The first thing that should be covered is the philosophical position behind the statistics posted here. They fall on the continuum of ability and value in what I have called "performance". Performance is a technical-sounding way of saying "Whatever arbitrary combination of ability and value I prefer".

With respect to park adjustments, I am not interested in how any particular player is affected, so there is no separate adjustment for lefties and righties for instance. The park factor is an attempt to determine how the park affects run scoring rates, and thus the win value of runs.

I apply the park factor directly to the player's statistics, but it could also be applied to the league context. The advantage to doing it my way is that it allows you to compare the component statistics (like Runs Created or OBA) on a park-adjusted basis. The drawback is that it creates a new theoretical universe, one in which all parks are equal, rather than leaving the player grounded in the actual context in which he played and evaluating how that context (and not the player's statistics) was altered by the park.

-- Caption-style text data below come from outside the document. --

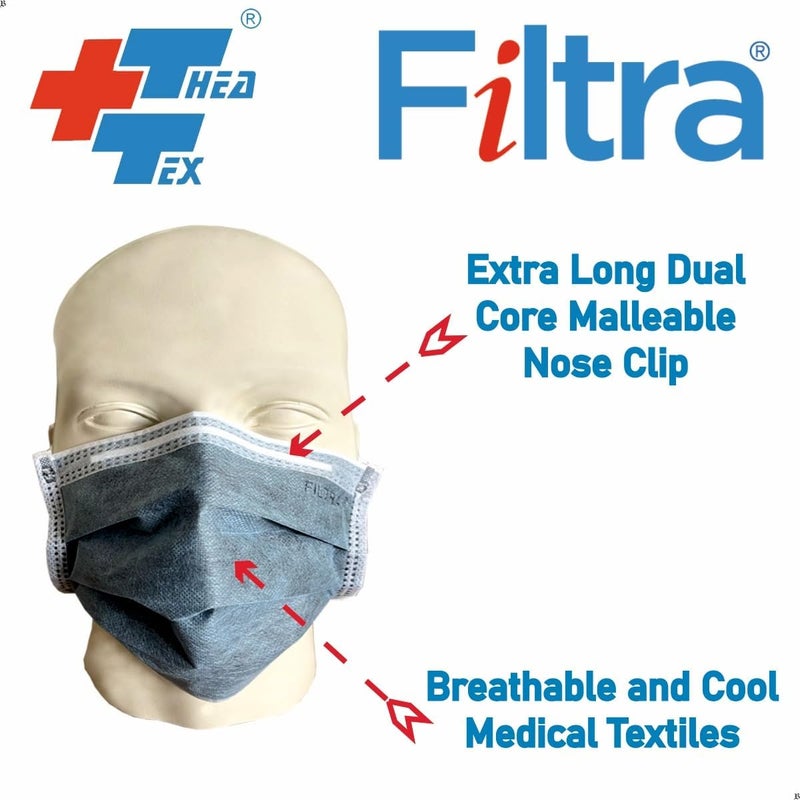 Filtra ® 4-Ply Ear Loop Activated Carbon Mask - High Filtration | Breathable | Adsorbs Smells | Hypoallergenic | Fluid Repellent | Improved & Enhanced Courier Packing - Image 5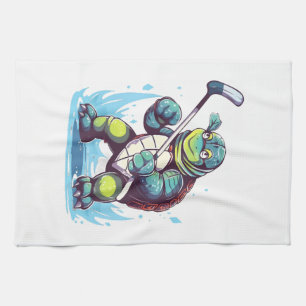 Turtle Ice Hockey Player Hockey Stick Goalie Copy Tea Towel
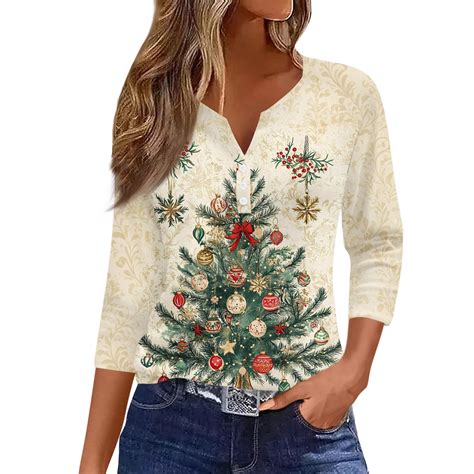 ASDFVBKG Christmas Blouses for Women Henley Christmas Tree Printed ...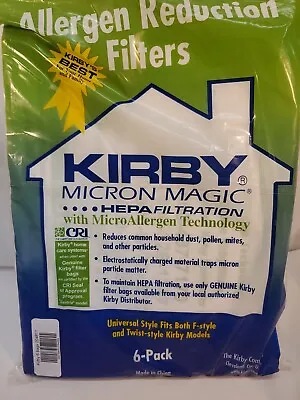 $13.95 • Buy For KIRBY VACUUM BAGS:6 Sentria UNIVERSAL~ F Style MICRON MAGIC Hepa White Cloth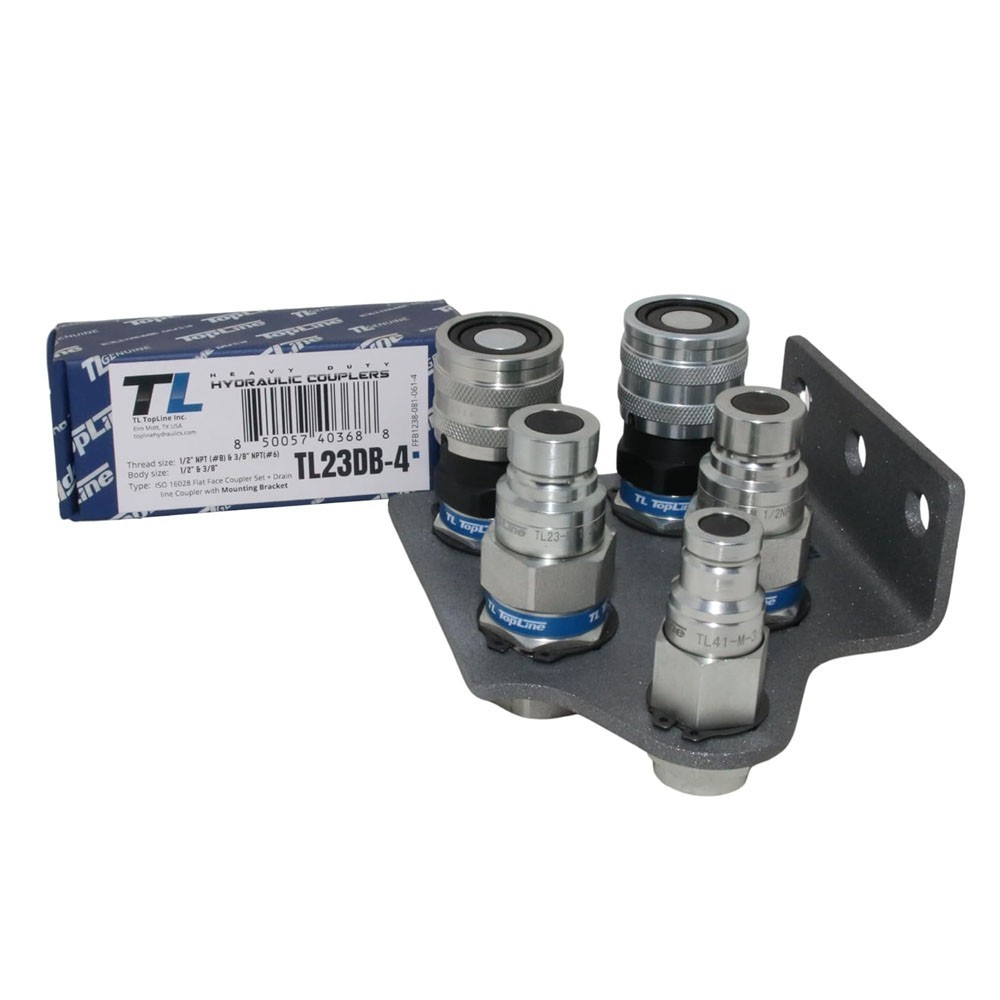 1/2 Flat Face Hydraulic Quick Connect Coupler Set +Drain line + Bracket TL23DB-4
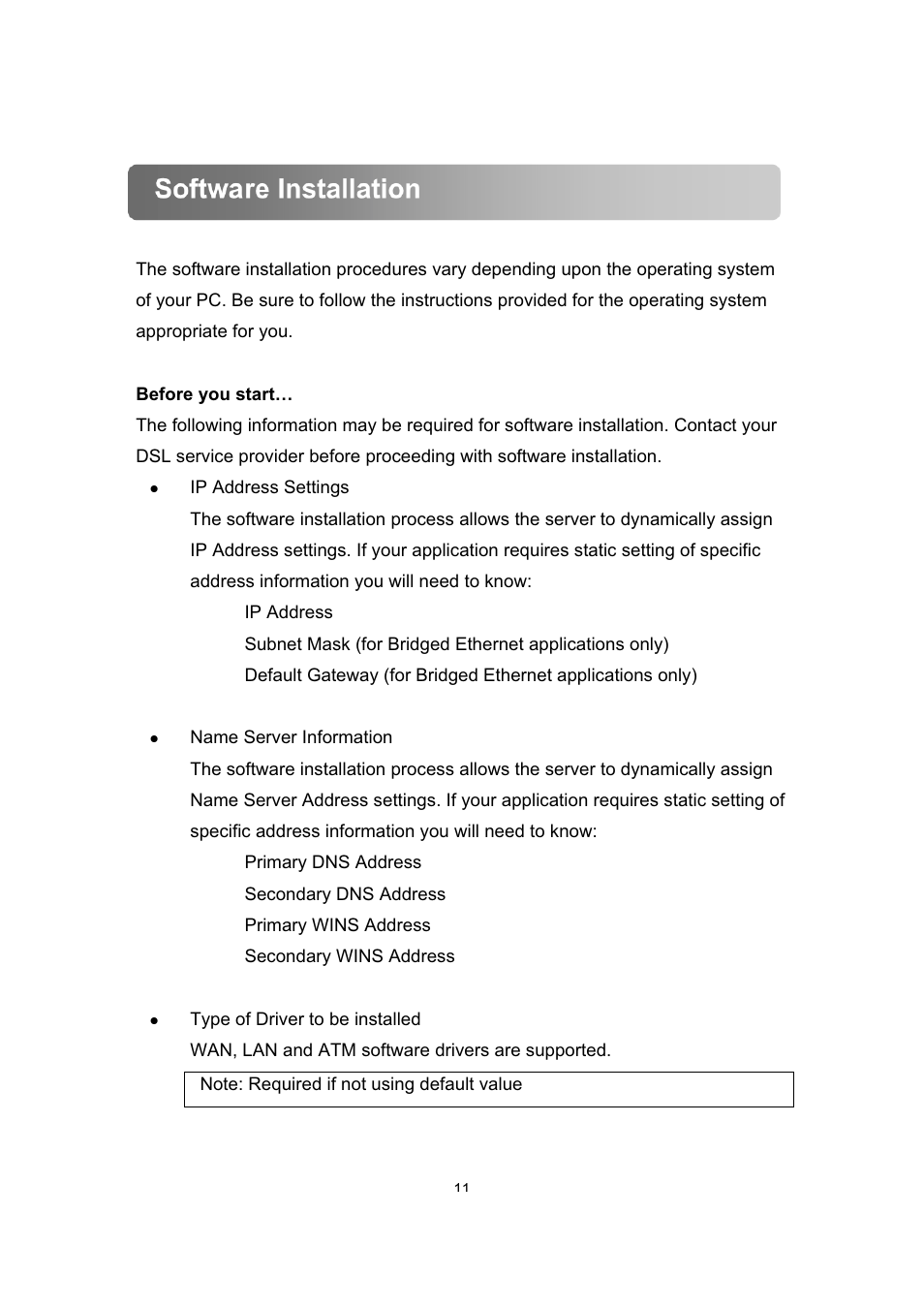 Software installation | Dynalink ALE800 User Manual | Page 12 / 30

The good news is that the two approaches are essentially equivalent; in fact, they are precisely equivalent if you assume that the Runs Per Win factor is equal to the RPG. Suppose that we have a player in an extreme park (PF = 1.15, approximately like Coors Field pre-humidor) who has an 8 RG before adjusting for park, while making 350 outs in a 4.5 N league. The first method of park adjustment, the one I use, converts his value into a neutral park, so his RG is now 8/1.15 = 6.957. We can now compare him directly to the league average:

RAA = (6.957 - 4.5)*350/25.5 = +33.72

The second method would be to adjust the league context. If N = 4.5, then the average player in this park will create 4.5*1.15 = 5.175 runs. Now, to figure RAA, we can use the unadjusted RG of 8:

RAA = (8 - 5.175)*350/25.5 = +38.77

These are not the same, as you can obviously see. The reason for this is that they take place in two different contexts. The first figure is in a 9 RPG (2*4.5) context; the second figure is in a 10.35 RPG (2*4.5*1.15) context. Runs have different values in different contexts; that is why we have RPW converters in the first place. If we convert to WAA (using RPW = RPG, which is only an approximation, so it's usually not as tidy as it appears below), then we have:

WAA = 33.72/9 = +3.75
WAA = 38.77/10.35 = +3.75

Once you convert to wins, the two approaches are equivalent. The other nice thing about the first approach is that once you park-adjust, everyone in the league is in the same context, and you can dispense with the need for converting to wins at all. You still might want to convert to wins, and you'll need to do so if you are comparing the 2015 players to players from other league-seasons (including between the AL and NL in the same year), but if you are only looking to compare Jose Bautista to Miguel Cabrera, it's not necessary. WAR is somewhat ubiquitous now, but personally I prefer runs when possible--why mess with decimal points if you don't have to?

The park factors used to adjust player stats here are run-based. Thus, they make no effort to project what a player "would have done" in a neutral park, or account for the difference effects parks have on specific events (walks, home runs, BA) or types of players. They simply account for the difference in run environment that is caused by the park (as best I can measure it). As such, they don't evaluate a player within the actual run context of his team's games; they attempt to restate the player's performance as an equivalent performance in a neutral park.

I suppose I should also justify the use of sqrt(PF) for adjusting component statistics. The classic defense given for this approach relies on basic Runs Created--runs are proportional to OBA*SLG, and OBA*SLG/PF = OBA/sqrt(PF)*SLG/sqrt(PF). While RC may be an antiquated tool, you will find that the square root adjustment is fairly compatible with linear weights or Base Runs as well. I am not going to take the space to demonstrate this claim here, but I will some time in the future.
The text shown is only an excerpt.